Sin dalla sentenza n. 3840 del 20 febbraio 2007, infatti, le sezioni unite di questa corte hanno chiarito che il giudice il quale emetta una pronuncia d’inammissibilità della domanda si spoglia della propria potestas iudicandi al riguardo, e che se, ciò nondimeno, quel medesimo giudice si soffermi anche a motivare sul merito, tale motivazione è da considerarsi svolta ad abundantiam, onde un’ impugnazione sul punto neppure risulterebbe ammissibile (nel medesimo senso questa corte si è poi pronunciata ripetutamente, puntualizzando come tale principio debba essere logicamente esteso anche ai casi in cui l’inammissibilità riguardi solo un capo di domanda o un singolo motivo di gravame: cfr. Cass. 1 marzo 2012, n. 3229).

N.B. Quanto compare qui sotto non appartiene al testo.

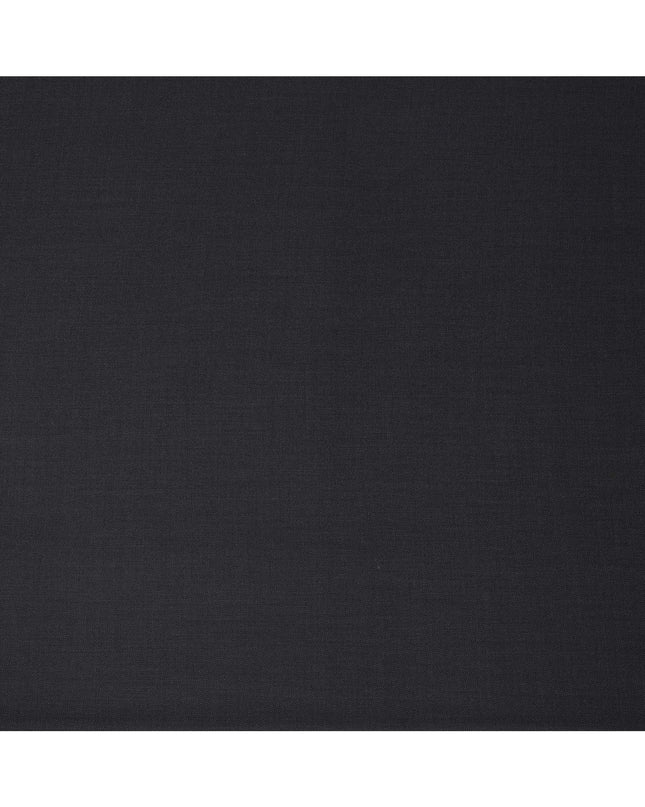 Charcoal Premium Super 150's English All Wool Suiting Fabric, Width 150 Cms, Made in United Kingdom-D25014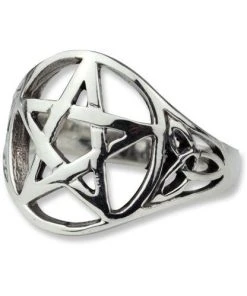 Echt EtNox Celtic Pentagram Ring 925 Silver Gothic Jewellery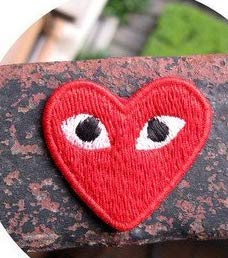 ABCMOS 1 pcs Amour Rouge œil Styling Pâte Chiffon Mignon Cœur Trou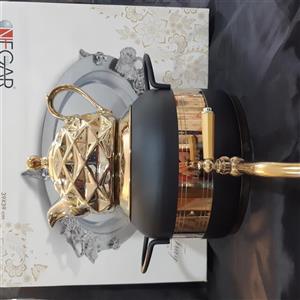 کتری 6 لیتر مشکی طلایی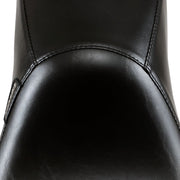 Le Pera Silhouette 2-Up Seat Black Vinyl Each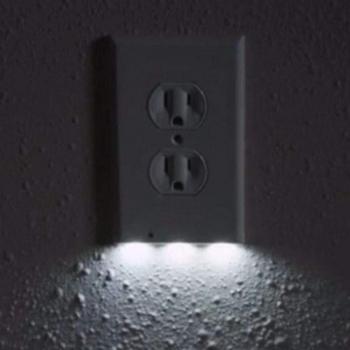 Energy Efficient LED Night Light Socket Cover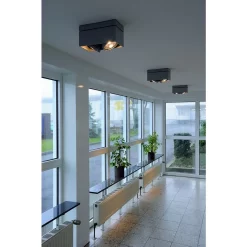 SLV 117111 KARDAMOD Deckenleuchte ES111/GU10, 2x75W -Lampengeschäft 912acb19ea61f6abb94e1aaeb1655a6a952afff6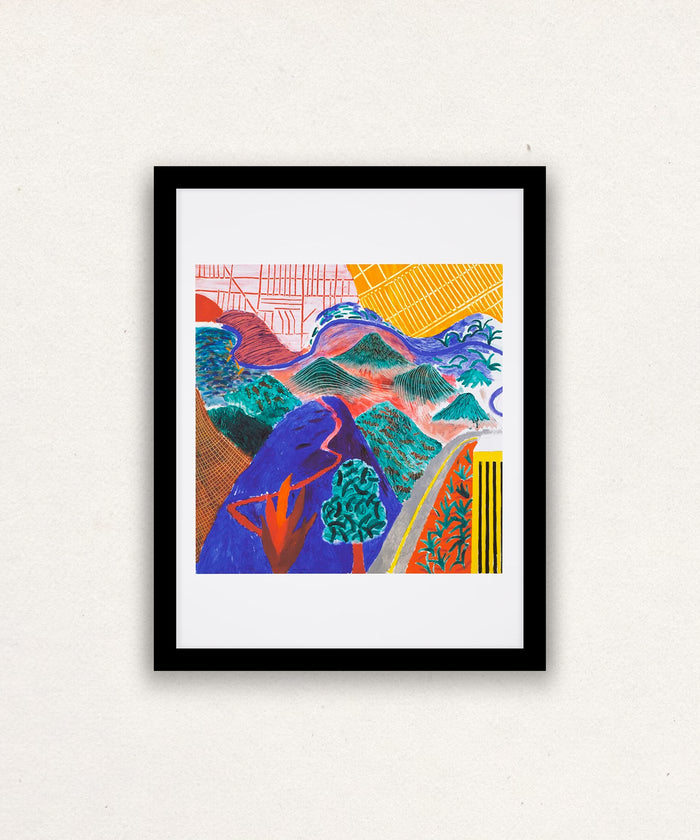 David Hockney, Outpost Drive, Hollywood 1980, 2017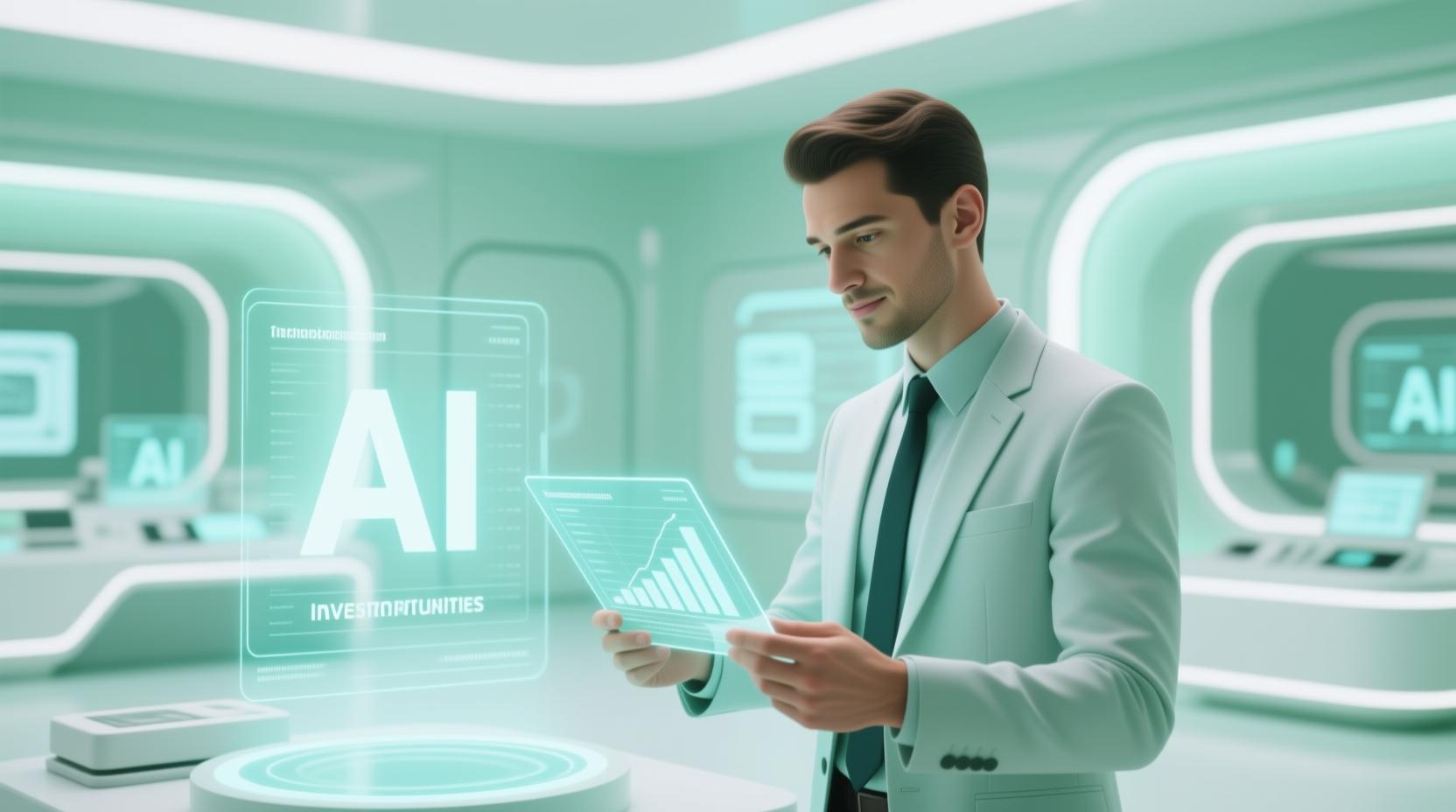 AI 관련 투자 기회를 분석하는 모습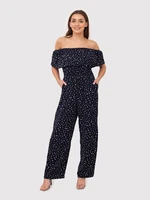 AX Paris Woman's Jumpsuit PA592 Navy Blue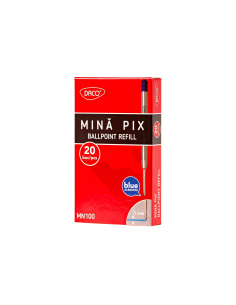MN100-20,Mina pix metalica tip Parker DACO - Set 20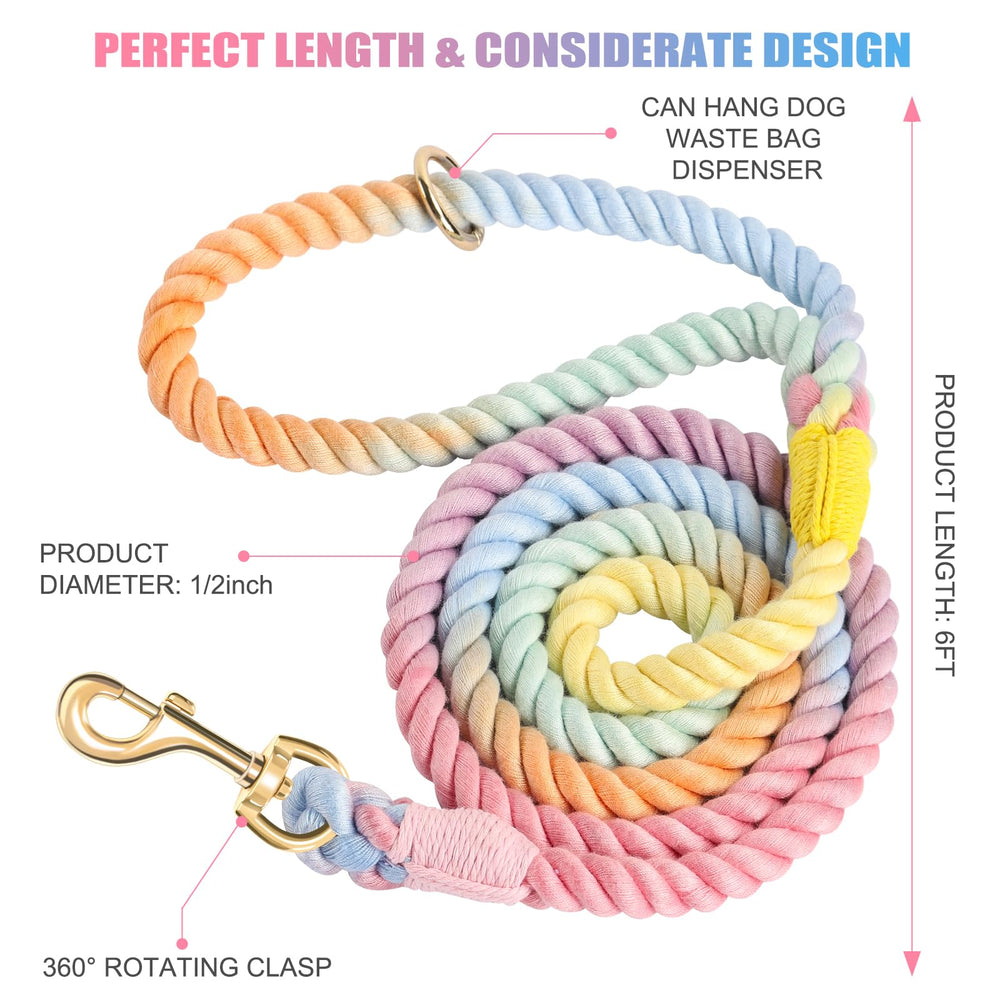 NUGUTIC dog leash heavy-duty metal clasp close-up shows secure outings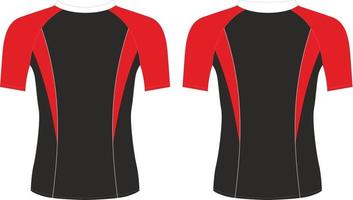 Compression Rash Guard Design, Template design front back view vector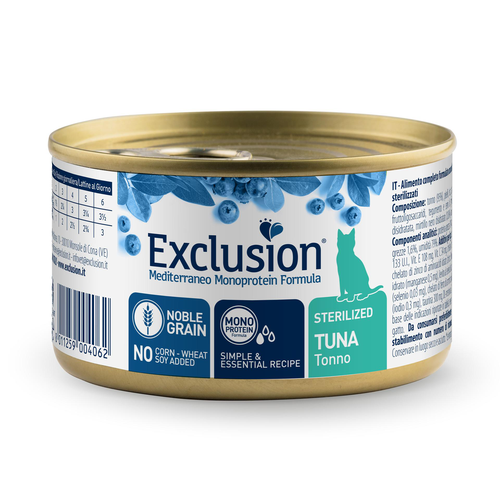 Exclusion Cat Sterilized Thon 85g - MyStetho Veterinary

6. La sentenza impugnata va quindi cassata, nella parte in cui ha dichiarato “inammissibile e infondato” il ricorso a suo tempo proposto dagli avv. C. e R. contro i provvedimenti sanzionatori emessi a loro carico dal Consiglio dell’Ordine degli Avvocati di Siena, con rinvio della causa al Consiglio Nazionale Forense in diversa composizione.

7. Il Consiglio dell’Ordine degli Avvocati di Siena dovrà rifondere ai ricorrenti le spese del presente giudizio di cassazione, liquidate come in dispositivo.

P.Q.M.

La corte accoglie il primo motivo di ricorso, con assorbimento degli altri, cassa l’impugnata sentenza in relazione al motivo accolto e rinvia la causa al Consiglio Nazionale Forense, in diversa composizione, condannando il Consiglio dell’Ordine degli Avvocati di Siena al pagamento delle spese del presente giudizio di legittimità, liquidate in Euro 3.000,00 per compenso e 200,00 per esborsi, oltre agli accessori di legge.

Così deciso in Roma, il 28 maggio 2013.